The Youth of Michelangelo

By Charles De Tolnay | Go to book overview

XII. CARRARA

AFTER the contract for the tomb was agreed upon, Michelangelo went to Carrara to secure the marble. He spent eight months there (probably from April to December). 118

Some light is thrown on this period by two contracts. On November 12, 1505 (Milanesi, p. 630) he engaged two shipowners in Lavagna to stand ready until November ao at the Porto dell' Avenza (near Carrara) to bring 34 carrate (wagonloads) of marble to Rome, including two figures (i.e. blocks for 2 figures) of 15 carrate.

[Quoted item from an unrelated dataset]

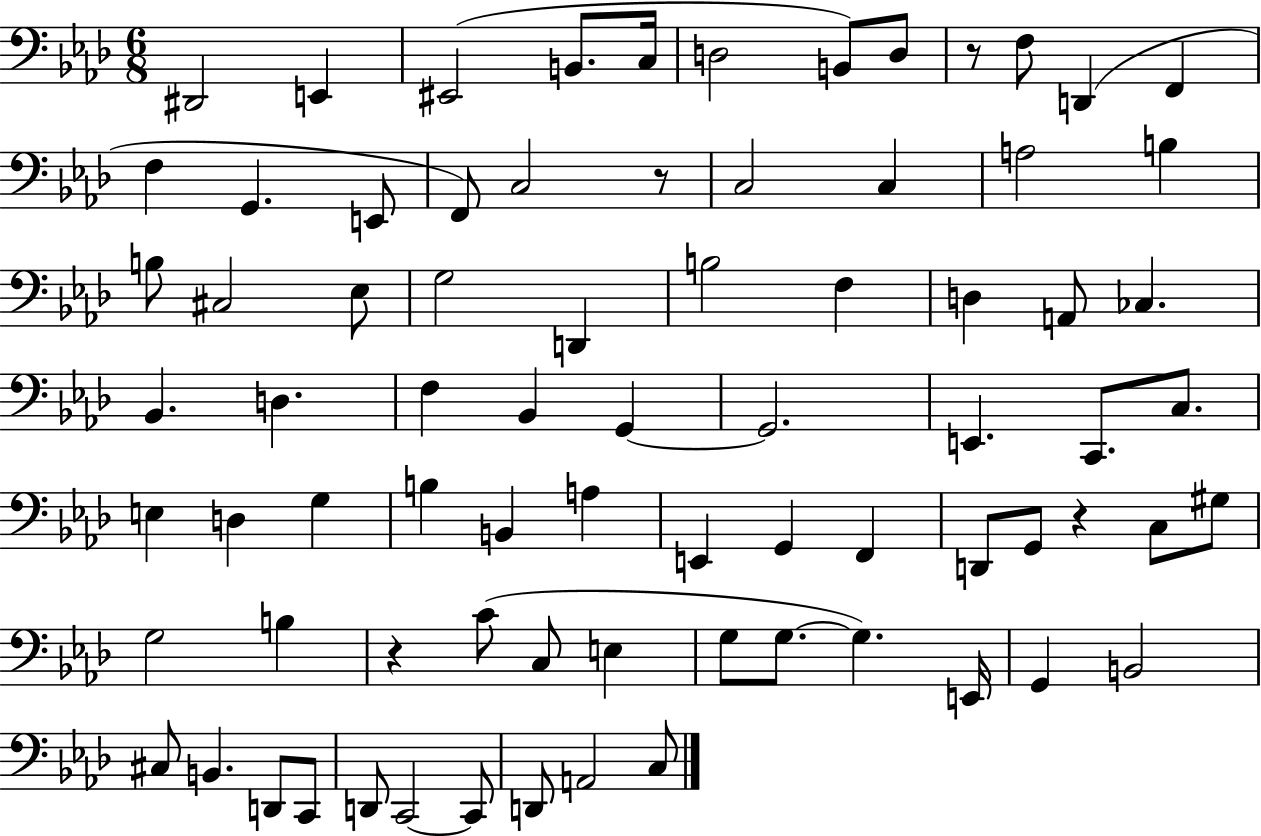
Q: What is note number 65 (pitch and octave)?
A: B2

One month later, on December 10, 1505 (Milanesi, p. 631), he made a contract with Guido di Biagio and Matteo Cuccarello for delivery of 60 carrate, including four figures, two of eight carrate, and two of five carrate. All the other pieces were two carrate or smaller (for the architecture of the tomb). 119 These blocks were to be cut out according to specifications to be sent by Michelangelo from Florence in January.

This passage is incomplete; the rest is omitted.